● INSTRUCTIONS TO FOLLOW
Could you reproduce the entries exactly, omitting every picture?

================================

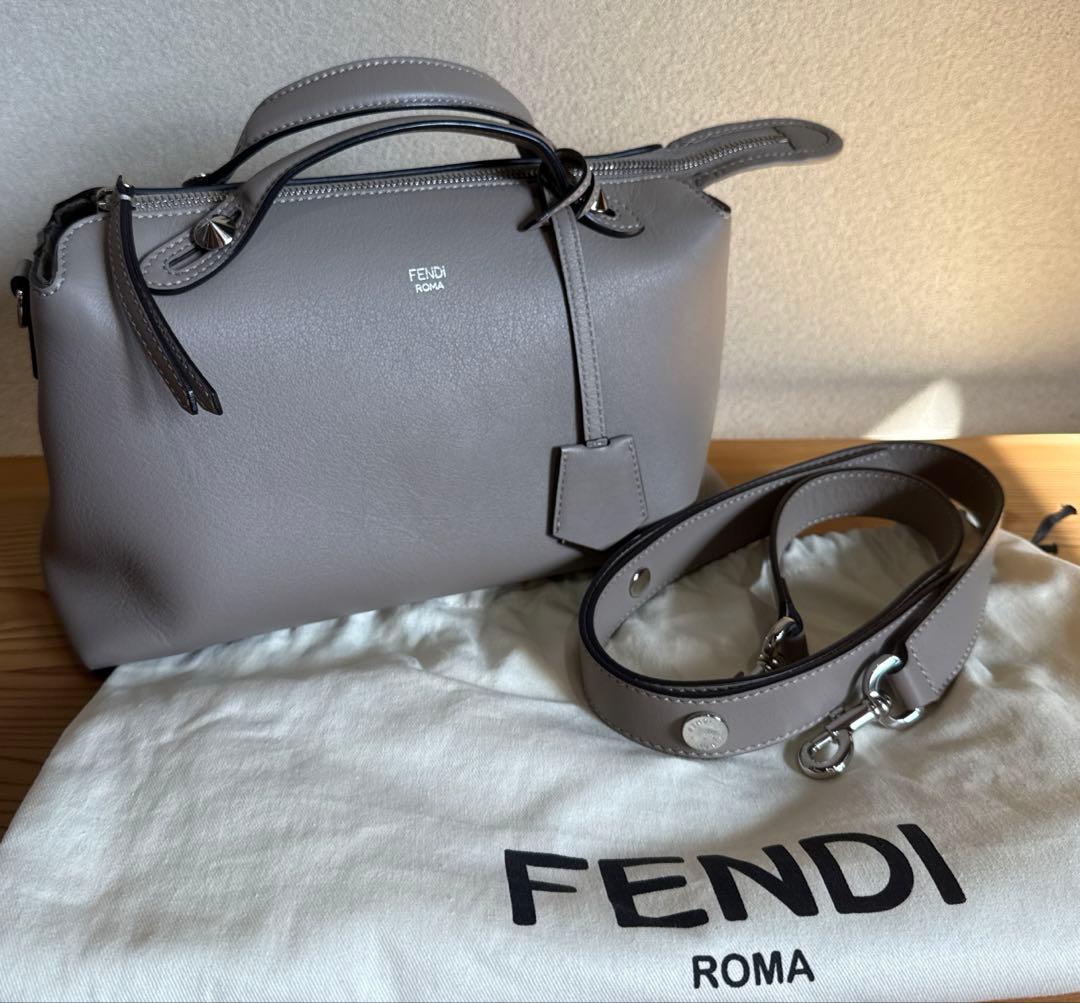 FENDI バイザウェイ　ミディアム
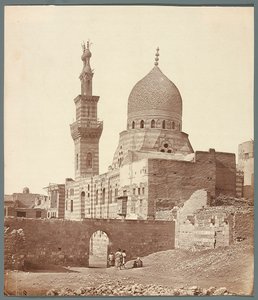 Egypt. Kairo. Religiøst gravkompleks for den mamelukkiske emiren Kani Bey Ar-Rammah (1503) av James Robertson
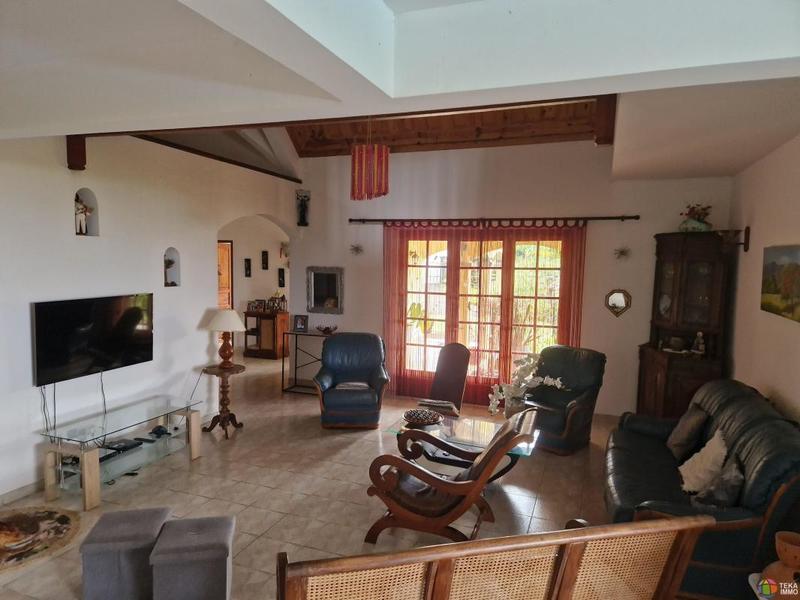 Villa - 264 m² - 6 pièces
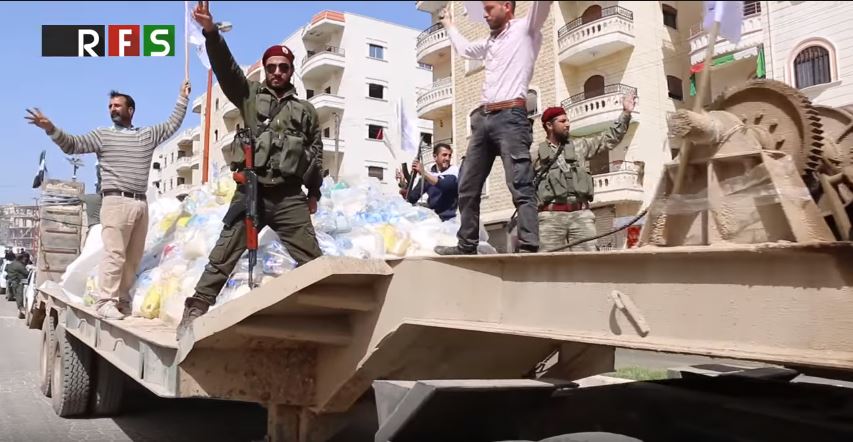Video: FSA-Terroristen paradieren mit humanitären Hilfsgütern durch&nbsp;Afrin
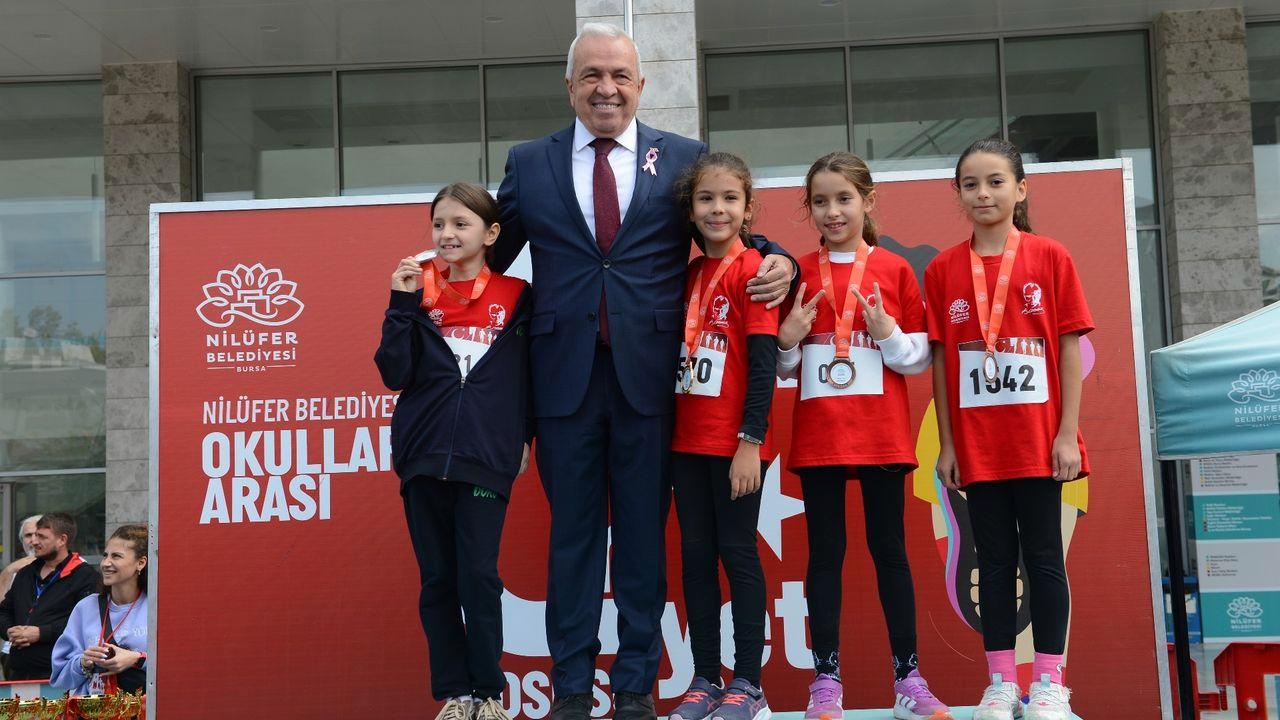 Bursa'da dereceye girenler ödüllendirildi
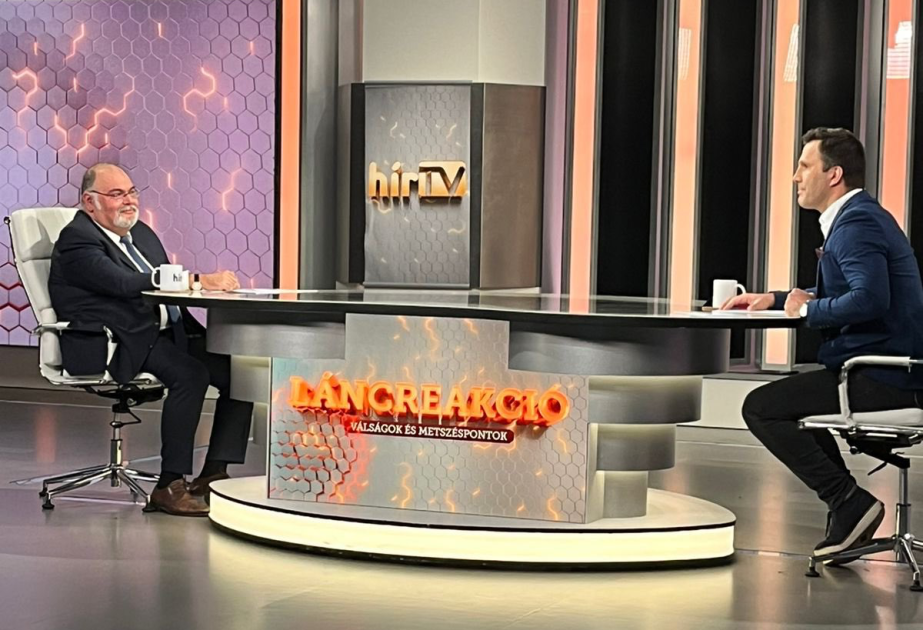 В эфире венгерского телеканала HirTV было рассказано о СОР29 и взаимоотношениях между Азербайджаном и ЕС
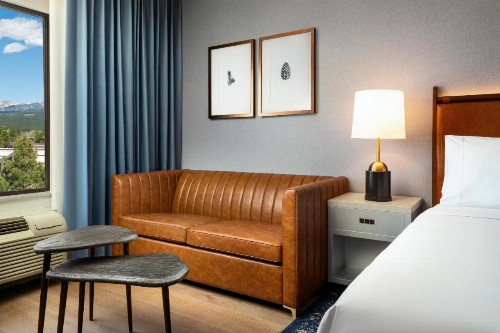 Hampton Inn & Suites Tahoe-Truckee - image 11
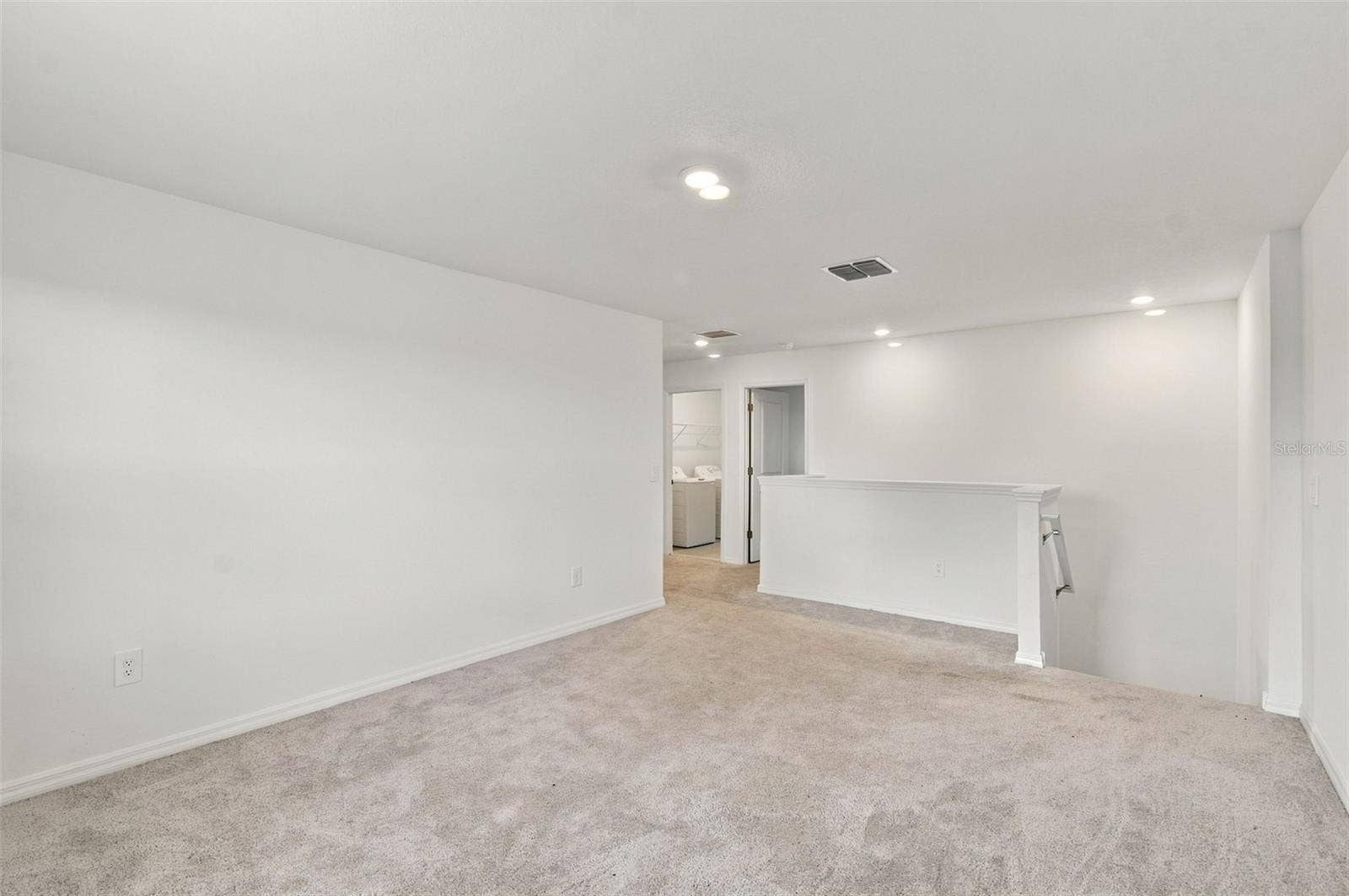 5821 YELLOW HORNBILL AVENUE, Wimauma, FL 33598 5821 YELLOW HORNBILL AVENUE, Wimauma, FL 33598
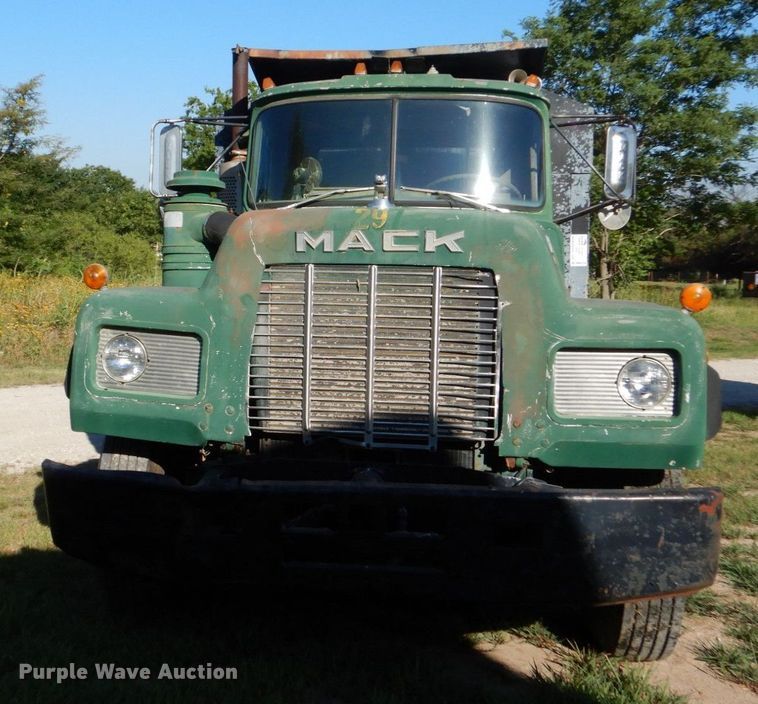 image for item DM4234 1985 Mack R686ST  dump truck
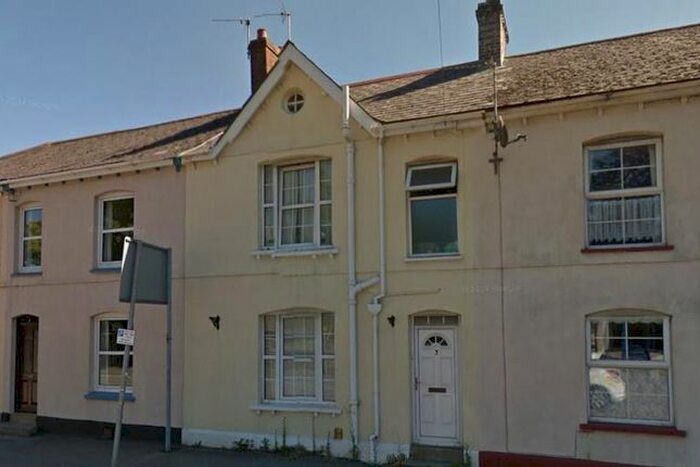 3 Bedroom Property To Rent In Railway Cottages, Falmouth, TR11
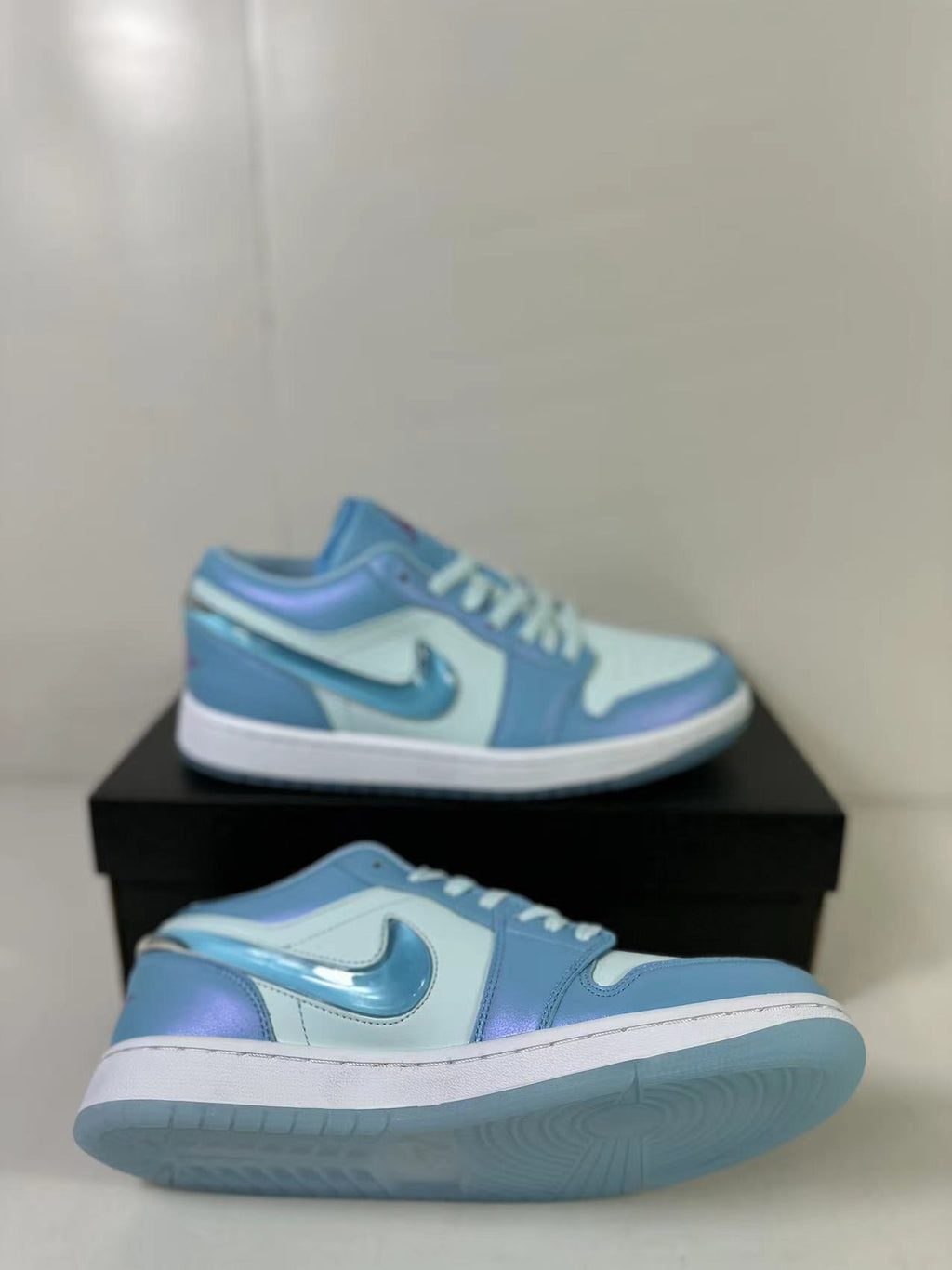 Air Jordan 1 Low SE Aquarius Blue FN7366-400 - product image from the listing.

================================

● WRITTEN SOLUTION
 FENDI バイザウェイ　ミディアム
 Egypt. Kairo. Religiøst gravkompleks for den mamelukkiske emiren Kani Bey Ar-Rammah (1503) av James Robertson
 Villa - 264 m² - 6 pièces
Video: FSA-Terroristen paradieren mit humanitären Hilfsgütern durch&nbsp;Afrin
 Bursa'da dereceye girenler ödüllendirildi
 В эфире венгерского телеканала HirTV было рассказано о СОР29 и взаимоотношениях между Азербайджаном и ЕС
 Hampton Inn & Suites Tahoe-Truckee - image 11
 5821 YELLOW HORNBILL AVENUE, Wimauma, FL 33598 5821 YELLOW HORNBILL AVENUE, Wimauma, FL 33598
 image for item DM4234 1985 Mack R686ST  dump truck
 3 Bedroom Property To Rent In Railway Cottages, Falmouth, TR11
 Air Jordan 1 Low SE Aquarius Blue FN7366-400 - product image from the listing.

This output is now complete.